MATERIAL FOR THE TASK
───

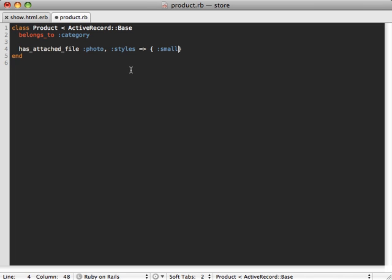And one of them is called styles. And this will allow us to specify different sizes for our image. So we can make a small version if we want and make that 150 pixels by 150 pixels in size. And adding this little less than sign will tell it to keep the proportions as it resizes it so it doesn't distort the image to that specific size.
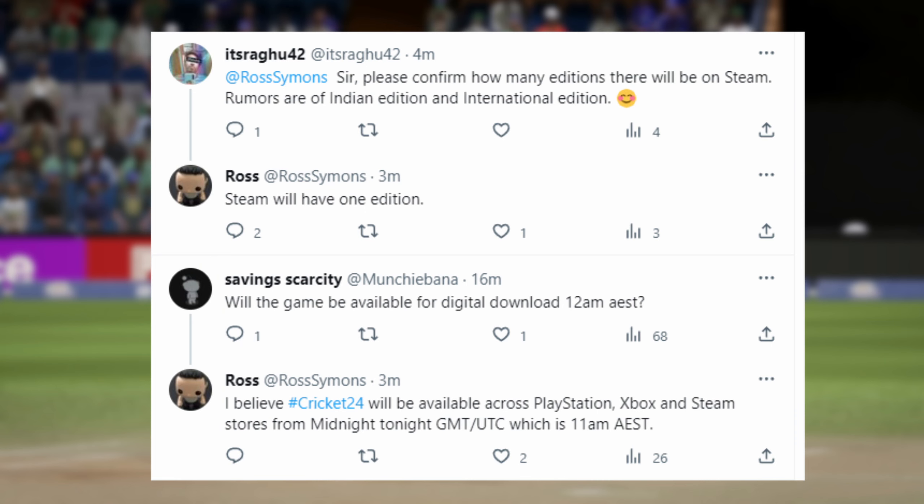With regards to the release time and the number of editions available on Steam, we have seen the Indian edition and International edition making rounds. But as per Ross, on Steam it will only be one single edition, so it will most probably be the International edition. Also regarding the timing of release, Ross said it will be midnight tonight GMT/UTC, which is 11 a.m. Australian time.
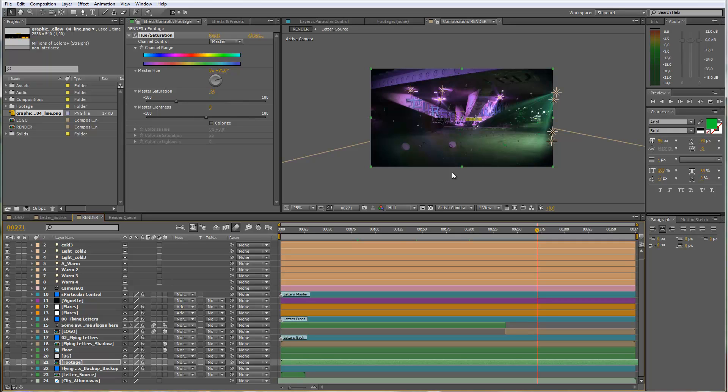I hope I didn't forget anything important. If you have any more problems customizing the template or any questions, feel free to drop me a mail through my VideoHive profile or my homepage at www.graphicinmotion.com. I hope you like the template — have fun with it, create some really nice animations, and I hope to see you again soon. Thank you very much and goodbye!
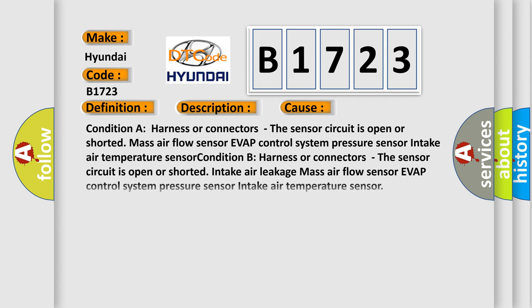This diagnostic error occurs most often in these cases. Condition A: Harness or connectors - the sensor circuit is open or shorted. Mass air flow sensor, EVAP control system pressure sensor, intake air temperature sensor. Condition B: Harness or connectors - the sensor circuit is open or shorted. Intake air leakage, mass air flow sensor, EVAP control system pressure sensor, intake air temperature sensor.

───

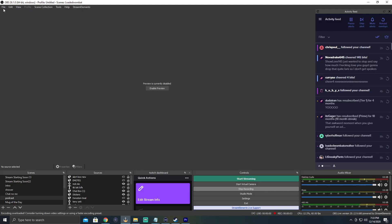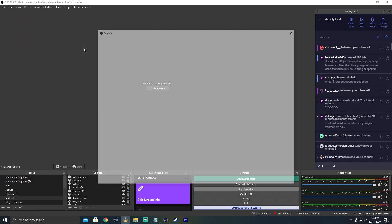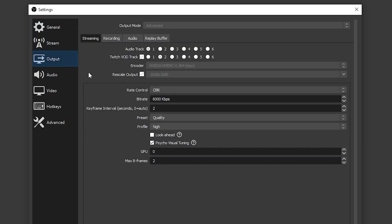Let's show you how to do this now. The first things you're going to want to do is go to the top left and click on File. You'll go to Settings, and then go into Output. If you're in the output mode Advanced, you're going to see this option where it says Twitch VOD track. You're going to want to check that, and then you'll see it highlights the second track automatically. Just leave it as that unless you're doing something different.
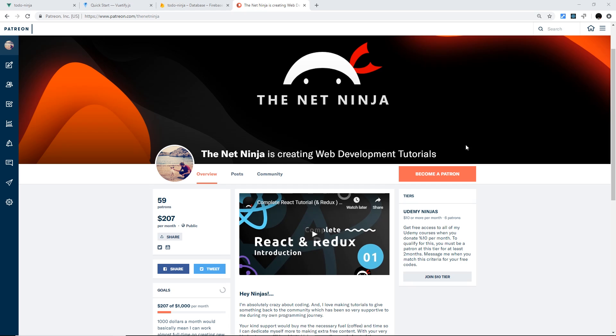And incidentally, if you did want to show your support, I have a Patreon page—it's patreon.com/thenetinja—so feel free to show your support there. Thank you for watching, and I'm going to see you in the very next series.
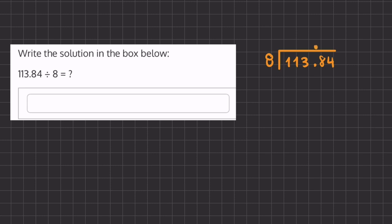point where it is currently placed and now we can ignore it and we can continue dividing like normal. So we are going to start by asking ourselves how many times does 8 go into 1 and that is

───

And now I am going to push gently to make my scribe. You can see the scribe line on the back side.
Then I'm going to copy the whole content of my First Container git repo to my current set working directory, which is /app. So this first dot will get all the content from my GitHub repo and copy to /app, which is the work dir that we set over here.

───

Give again the stretch of lines above from the one with "And one of them" through the one with "This diagnostic error", both ends kept, and copy no pictures.

RESULT BELOW
And one of them is called styles. And this will allow us to specify different sizes for our image. So we can make a small version if we want and make that 150 pixels by 150 pixels in size. And adding this little less than sign will tell it to keep the proportions as it resizes it so it doesn't distort the image to that specific size.
With regards to the release time and the number of editions available on Steam, we have seen the Indian edition and International edition making rounds. But as per Ross, on Steam it will only be one single edition, so it will most probably be the International edition. Also regarding the timing of release, Ross said it will be midnight tonight GMT/UTC, which is 11 a.m. Australian time.
I hope I didn't forget anything important. If you have any more problems customizing the template or any questions, feel free to drop me a mail through my VideoHive profile or my homepage at www.graphicinmotion.com. I hope you like the template — have fun with it, create some really nice animations, and I hope to see you again soon. Thank you very much and goodbye!
This diagnostic error occurs most often in these cases. Condition A: Harness or connectors - the sensor circuit is open or shorted. Mass air flow sensor, EVAP control system pressure sensor, intake air temperature sensor. Condition B: Harness or connectors - the sensor circuit is open or shorted. Intake air leakage, mass air flow sensor, EVAP control system pressure sensor, intake air temperature sensor.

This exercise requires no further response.